Pascal Sabino   |    November 21, 2025

Tennesseeans protest the closure of a community center in Fayette County that was frequented by the region’s Black residents. Advocates say they found no one on the all-white county commission to speak up for them. (Photo © Jamar Coach / The Jackson Sun / USA Today Network)

This article is part of Bolts’ ongoing coverage of the threats faced by the Voting Rights Act. It is published in partnership with MLK50: Justice Through Journalism, a nonprofit newsroom that covers civil rights in the Memphis region.

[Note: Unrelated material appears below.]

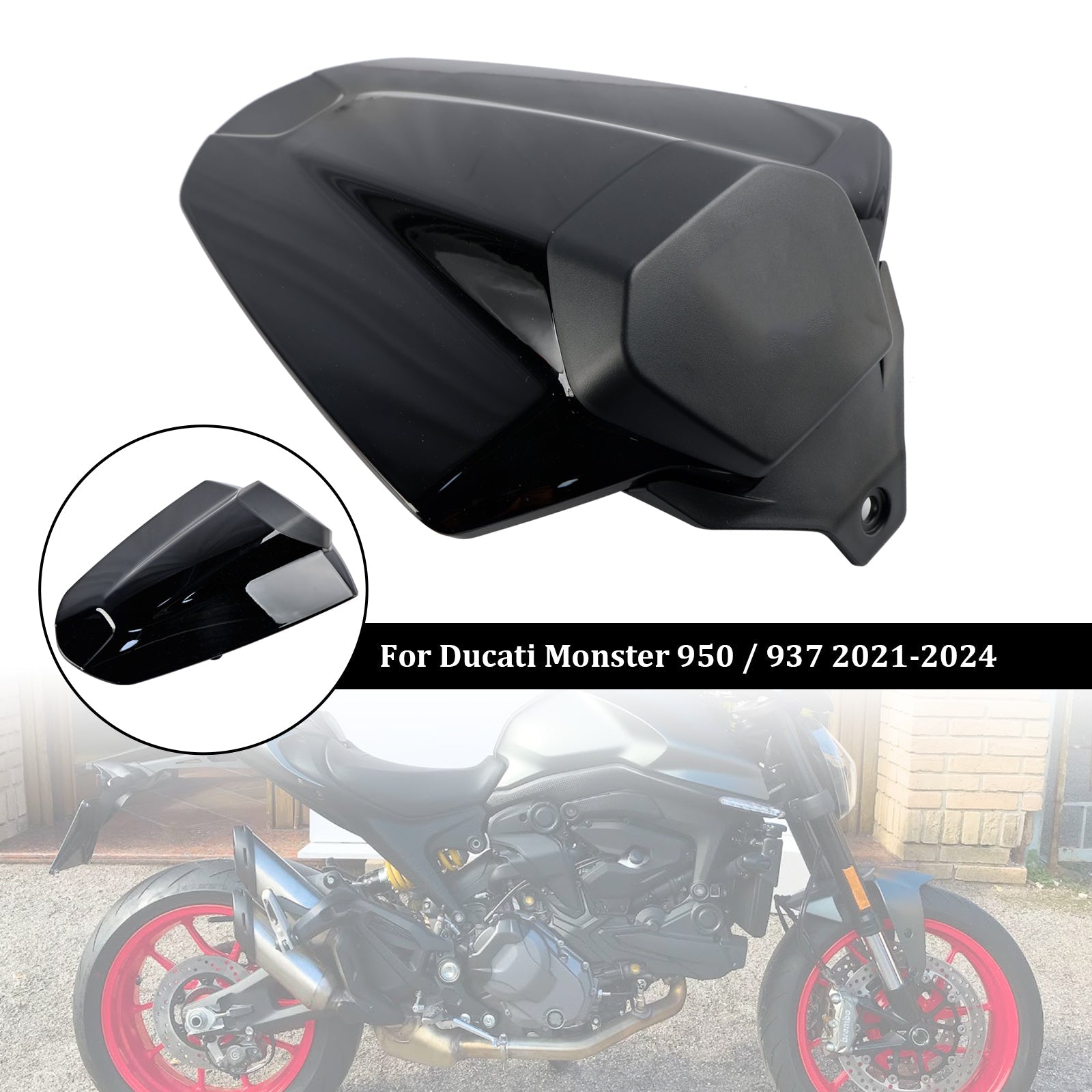 Cubierta del asiento trasero cubierta de carro para Ducati Monster 950 937 2021-2024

It has been nearly two years since Fayette County officials shuttered the Bernard Community Center, in rural West Tennessee. The closure has devastated the mostly Black residents who frequented the space to host after-school tutoring sessions for students, breakfasts for senior citizens, movie nights, knitting classes, and private events like birthdays and memorial services. “​​People used it for 20 years to help each other, to help themselves, and now that is just gone. It has had an emotional toll on people,” says Christine Woods, who served on the community center’s board and fought its closure. 

Since the center was shut down, Woods and other advocates have organized protests and pled at public meetings for Fayette County’s board of commissioners to reopen it. But Woods says nobody seems to be listening on the board, whose 19 members are all white despite the county’s large Black population.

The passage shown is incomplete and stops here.